WORK TO BE COMPLETED: Report each line of the data that includes the word "Home".

DATA PROVIDED:
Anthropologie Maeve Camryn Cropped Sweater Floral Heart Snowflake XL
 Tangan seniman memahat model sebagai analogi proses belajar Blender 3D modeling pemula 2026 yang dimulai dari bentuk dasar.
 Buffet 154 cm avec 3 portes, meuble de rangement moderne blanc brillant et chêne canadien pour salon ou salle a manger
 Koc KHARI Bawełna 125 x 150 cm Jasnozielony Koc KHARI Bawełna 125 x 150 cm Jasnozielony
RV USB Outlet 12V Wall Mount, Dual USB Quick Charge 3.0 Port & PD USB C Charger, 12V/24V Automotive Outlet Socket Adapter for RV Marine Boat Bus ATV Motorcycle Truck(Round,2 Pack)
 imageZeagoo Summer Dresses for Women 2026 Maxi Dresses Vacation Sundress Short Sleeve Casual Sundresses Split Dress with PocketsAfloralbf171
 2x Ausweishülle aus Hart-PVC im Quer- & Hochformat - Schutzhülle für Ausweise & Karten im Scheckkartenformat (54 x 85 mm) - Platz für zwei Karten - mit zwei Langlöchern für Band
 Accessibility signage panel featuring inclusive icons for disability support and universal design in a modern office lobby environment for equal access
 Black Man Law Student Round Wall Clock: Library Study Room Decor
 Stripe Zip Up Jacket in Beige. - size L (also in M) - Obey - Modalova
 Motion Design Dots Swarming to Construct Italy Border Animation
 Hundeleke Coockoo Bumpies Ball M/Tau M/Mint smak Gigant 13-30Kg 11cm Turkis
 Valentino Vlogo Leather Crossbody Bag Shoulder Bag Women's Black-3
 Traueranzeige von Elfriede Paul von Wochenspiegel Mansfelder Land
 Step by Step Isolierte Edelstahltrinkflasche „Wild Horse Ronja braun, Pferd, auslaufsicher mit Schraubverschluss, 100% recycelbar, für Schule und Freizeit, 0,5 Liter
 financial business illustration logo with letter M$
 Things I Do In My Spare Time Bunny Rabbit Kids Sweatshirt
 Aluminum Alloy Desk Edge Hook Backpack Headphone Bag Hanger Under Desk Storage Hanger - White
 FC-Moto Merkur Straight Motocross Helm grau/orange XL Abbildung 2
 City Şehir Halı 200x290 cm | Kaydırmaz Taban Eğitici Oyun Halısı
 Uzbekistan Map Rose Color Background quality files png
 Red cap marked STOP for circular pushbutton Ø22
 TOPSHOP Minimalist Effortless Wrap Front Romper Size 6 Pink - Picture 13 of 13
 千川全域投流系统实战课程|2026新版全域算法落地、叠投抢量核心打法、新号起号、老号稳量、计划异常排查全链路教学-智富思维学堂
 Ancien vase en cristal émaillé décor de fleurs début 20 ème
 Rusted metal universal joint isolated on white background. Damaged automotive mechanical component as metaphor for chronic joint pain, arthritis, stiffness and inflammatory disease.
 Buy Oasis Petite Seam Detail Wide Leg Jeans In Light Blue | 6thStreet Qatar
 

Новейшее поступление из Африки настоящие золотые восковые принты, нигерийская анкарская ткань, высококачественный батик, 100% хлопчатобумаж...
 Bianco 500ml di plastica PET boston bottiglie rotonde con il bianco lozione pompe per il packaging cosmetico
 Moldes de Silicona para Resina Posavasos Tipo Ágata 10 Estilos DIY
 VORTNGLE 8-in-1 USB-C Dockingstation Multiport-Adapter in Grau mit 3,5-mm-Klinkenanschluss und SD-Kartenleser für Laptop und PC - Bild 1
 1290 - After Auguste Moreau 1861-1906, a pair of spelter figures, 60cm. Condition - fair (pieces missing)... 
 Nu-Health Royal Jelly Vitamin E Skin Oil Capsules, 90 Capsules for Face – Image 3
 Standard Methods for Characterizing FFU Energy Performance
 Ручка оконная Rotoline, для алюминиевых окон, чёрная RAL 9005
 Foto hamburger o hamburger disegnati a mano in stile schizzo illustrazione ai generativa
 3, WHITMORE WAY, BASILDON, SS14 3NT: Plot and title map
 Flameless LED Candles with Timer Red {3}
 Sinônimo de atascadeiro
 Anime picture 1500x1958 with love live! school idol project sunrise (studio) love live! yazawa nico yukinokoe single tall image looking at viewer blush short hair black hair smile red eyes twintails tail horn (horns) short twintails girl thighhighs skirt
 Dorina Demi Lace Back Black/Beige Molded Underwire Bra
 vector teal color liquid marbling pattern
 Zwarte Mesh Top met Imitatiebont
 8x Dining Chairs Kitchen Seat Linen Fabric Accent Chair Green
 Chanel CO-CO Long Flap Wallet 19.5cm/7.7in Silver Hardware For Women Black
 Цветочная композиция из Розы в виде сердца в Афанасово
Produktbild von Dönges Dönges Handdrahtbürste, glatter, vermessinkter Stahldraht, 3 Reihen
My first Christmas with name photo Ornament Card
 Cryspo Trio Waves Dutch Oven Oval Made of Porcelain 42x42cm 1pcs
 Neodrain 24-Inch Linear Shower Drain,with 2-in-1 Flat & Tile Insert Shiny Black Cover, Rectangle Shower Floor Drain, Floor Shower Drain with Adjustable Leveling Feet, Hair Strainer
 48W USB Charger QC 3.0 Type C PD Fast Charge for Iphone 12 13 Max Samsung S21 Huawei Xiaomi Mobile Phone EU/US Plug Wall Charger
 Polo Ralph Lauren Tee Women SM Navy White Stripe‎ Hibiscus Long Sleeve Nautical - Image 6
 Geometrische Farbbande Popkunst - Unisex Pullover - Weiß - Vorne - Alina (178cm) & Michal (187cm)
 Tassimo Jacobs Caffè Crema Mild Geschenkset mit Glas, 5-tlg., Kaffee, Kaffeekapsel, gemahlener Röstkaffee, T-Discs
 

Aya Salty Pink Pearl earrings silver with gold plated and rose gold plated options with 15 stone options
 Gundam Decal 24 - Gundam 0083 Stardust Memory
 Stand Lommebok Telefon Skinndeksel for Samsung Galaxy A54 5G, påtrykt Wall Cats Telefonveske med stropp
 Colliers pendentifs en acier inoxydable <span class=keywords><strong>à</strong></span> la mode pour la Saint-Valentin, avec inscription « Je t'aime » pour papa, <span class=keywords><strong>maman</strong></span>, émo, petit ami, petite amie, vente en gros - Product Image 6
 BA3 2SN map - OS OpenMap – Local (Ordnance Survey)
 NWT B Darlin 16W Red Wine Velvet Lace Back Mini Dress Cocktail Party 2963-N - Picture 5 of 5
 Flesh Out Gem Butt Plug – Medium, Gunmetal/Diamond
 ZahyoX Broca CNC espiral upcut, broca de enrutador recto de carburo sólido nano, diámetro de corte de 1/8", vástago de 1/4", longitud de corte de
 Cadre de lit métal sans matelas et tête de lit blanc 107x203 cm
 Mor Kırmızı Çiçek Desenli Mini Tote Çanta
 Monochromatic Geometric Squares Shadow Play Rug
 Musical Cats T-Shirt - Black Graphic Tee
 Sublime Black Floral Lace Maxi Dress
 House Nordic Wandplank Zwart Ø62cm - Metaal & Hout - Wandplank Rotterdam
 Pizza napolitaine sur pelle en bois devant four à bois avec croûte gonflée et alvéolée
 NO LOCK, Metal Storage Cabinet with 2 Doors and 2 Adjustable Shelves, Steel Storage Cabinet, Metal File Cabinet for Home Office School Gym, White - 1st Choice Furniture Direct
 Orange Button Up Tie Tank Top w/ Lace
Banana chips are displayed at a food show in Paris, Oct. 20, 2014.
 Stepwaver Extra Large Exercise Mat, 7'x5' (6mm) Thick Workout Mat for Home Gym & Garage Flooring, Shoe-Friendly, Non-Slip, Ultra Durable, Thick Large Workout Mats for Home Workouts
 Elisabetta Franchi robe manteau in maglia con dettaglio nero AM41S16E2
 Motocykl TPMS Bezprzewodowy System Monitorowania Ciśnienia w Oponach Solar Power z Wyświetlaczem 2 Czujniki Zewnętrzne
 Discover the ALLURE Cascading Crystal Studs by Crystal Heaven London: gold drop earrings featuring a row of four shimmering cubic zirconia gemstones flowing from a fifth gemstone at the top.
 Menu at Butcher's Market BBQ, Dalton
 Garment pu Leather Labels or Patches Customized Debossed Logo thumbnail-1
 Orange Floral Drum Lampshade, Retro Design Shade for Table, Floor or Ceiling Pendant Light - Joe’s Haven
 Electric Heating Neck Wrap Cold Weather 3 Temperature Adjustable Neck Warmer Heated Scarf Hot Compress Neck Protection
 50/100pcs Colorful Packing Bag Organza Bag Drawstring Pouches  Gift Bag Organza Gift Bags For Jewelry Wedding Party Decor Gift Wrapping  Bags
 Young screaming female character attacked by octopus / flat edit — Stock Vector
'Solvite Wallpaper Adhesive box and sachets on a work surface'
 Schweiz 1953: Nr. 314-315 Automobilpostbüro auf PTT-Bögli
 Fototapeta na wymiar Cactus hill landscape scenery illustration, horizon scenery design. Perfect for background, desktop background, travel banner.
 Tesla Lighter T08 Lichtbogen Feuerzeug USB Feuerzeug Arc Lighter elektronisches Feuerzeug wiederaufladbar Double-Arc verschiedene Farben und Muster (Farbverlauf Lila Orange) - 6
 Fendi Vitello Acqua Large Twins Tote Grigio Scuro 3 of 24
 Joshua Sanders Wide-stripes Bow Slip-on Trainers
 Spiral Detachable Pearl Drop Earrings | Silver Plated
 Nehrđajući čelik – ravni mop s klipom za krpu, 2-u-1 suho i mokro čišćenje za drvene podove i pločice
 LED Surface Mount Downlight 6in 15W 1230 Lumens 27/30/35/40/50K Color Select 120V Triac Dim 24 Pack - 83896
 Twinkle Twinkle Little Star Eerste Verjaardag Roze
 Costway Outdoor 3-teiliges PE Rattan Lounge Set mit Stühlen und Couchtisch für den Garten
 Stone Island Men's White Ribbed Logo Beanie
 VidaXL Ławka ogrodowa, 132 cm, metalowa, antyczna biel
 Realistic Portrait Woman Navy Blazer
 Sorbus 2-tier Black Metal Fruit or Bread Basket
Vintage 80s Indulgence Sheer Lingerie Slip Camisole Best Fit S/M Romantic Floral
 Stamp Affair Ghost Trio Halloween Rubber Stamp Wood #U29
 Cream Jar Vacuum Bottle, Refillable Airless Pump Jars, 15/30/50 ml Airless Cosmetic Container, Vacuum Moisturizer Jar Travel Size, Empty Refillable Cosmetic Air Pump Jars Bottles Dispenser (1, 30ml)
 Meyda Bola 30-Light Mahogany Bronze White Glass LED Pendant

ANSWER BOX:
 NO LOCK, Metal Storage Cabinet with 2 Doors and 2 Adjustable Shelves, Steel Storage Cabinet, Metal File Cabinet for Home Office School Gym, White - 1st Choice Furniture Direct
 Stepwaver Extra Large Exercise Mat, 7'x5' (6mm) Thick Workout Mat for Home Gym & Garage Flooring, Shoe-Friendly, Non-Slip, Ultra Durable, Thick Large Workout Mats for Home Workouts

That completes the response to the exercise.